# Army Reserve Website



## NMPeters (16 Apr 2004)

I have been informed that the Army Reserve website on the official Army site should be up and running early next week.


----------



## girlfiredup (16 Apr 2004)

Yahooo!  It‘s about time.


----------



## Da_man (16 Apr 2004)

i thought it wouldnt come back!


----------



## Infanteer (16 Apr 2004)

Probably makes my job alot easier now.


----------



## Yes Man (16 Apr 2004)

So the site come up after I signed up.


----------



## kbowes (23 Apr 2004)

No sign of it yet. Any word?


----------



## AlphaCharlie (23 Apr 2004)

I hope it‘s all fancy and done in Flash like the normal army site.


----------



## Bzzliteyr (23 Apr 2004)

Rumour has it that it will only be accessible on weekends and during the summer, but don‘t ask it to work too hard or it will quit on you!! haha, just kidding.. I hope it has links to all the unit sites...

Bzz


----------



## xFusilier (23 Apr 2004)

Oooo.....oooh...from a guy with a 12RBC capbadge...that... doesn‘t.... really smart at all


----------



## leopard11 (23 Apr 2004)

lol, i remember it said last year to "check back in the summer" , i hope its true and it finally is back and it better be good, only took like a year to make it


----------



## Bill Smy (23 Apr 2004)

> Originally posted by NMPeters:
> [qb] I have been informed that the Army Reserve website on the official Army site should be up and running early next week. [/qb]

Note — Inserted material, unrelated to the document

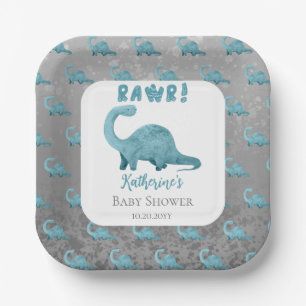 Rawr Teal Blue Dinosaur Boy Baby Shower Paper Plates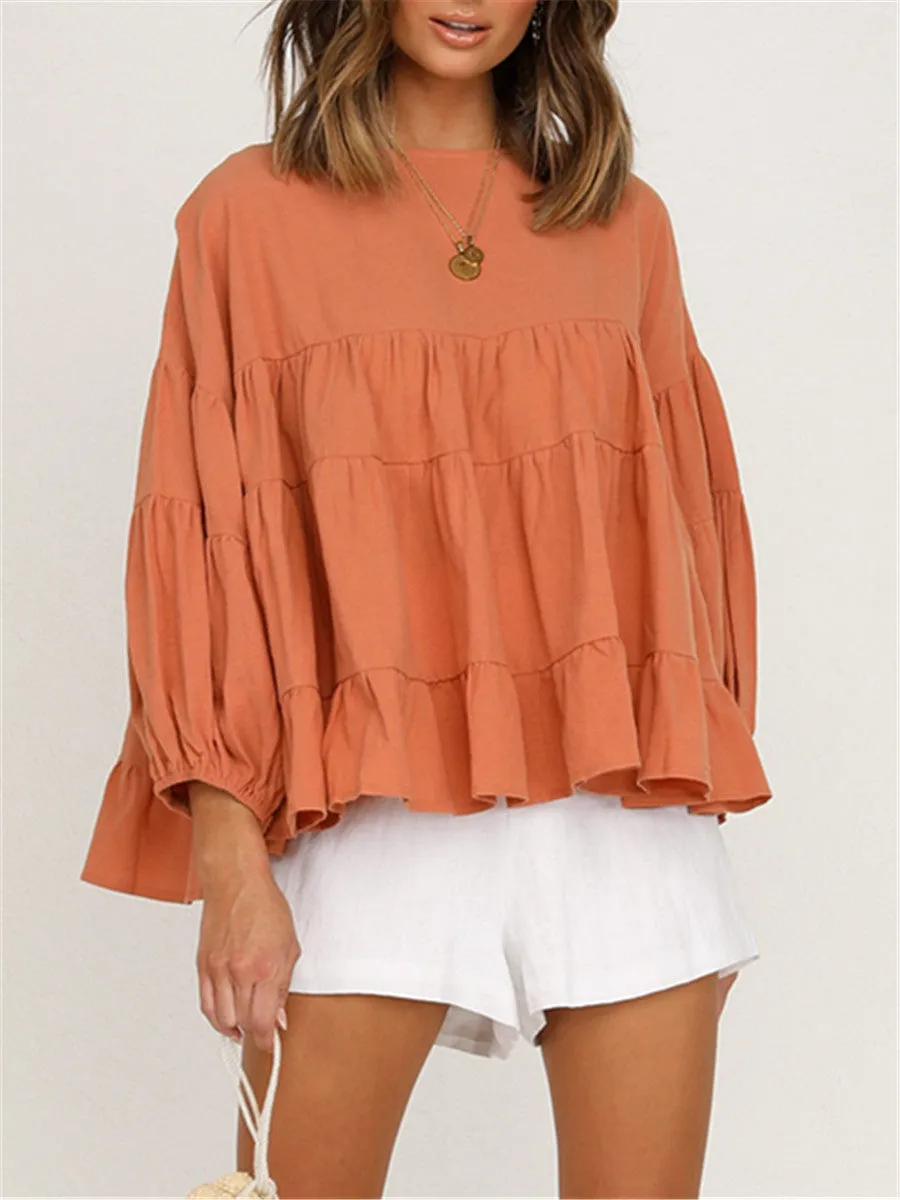 Round Neck Long-sleeved Ruffled Shirt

I hope it will use the official badge of the Canadian Army, and not the logo it used previously.


----------



## Jarnhamar (23 Apr 2004)

It might be a worth while project to have brigade training ex‘s posted (where and when) as well as what courses will be comming up in the near future.
I havent been to the site myself so im not sure exactly what they have yet though.


----------



## Northern Touch (24 Apr 2004)

Still no sign of it.  =(


----------



## Bill Smy (6 May 2004)

> Originally posted by NMPeters:
> [qb] I have been informed that the Army Reserve website on the official Army site should be up and running early next week. [/qb]


That message was posted on 16 April. The website is still not up.    

As I stated in an earlier post, I hope they use the offical badge of the Cdn Army, not the logo. If they do, I suspect an anti-monarchist movement.   :mg:  Perhaps we should get the Monarchist League of Canada to swamp the Minister‘s office with mail.


----------



## Kirkhill (6 May 2004)

Great idea Bill.


----------



## NMPeters (7 May 2004)

There‘s been a glitch. The officer working on the site has become critically ill. I‘ve been told that someone else is now working on it, but we have to take the learning curve into account and expect a few more delays. It shouldn‘t be too much longer.


----------



## AlphaCharlie (7 May 2004)

I hope the other guy is ok.

"critically ill" sounds bad..


----------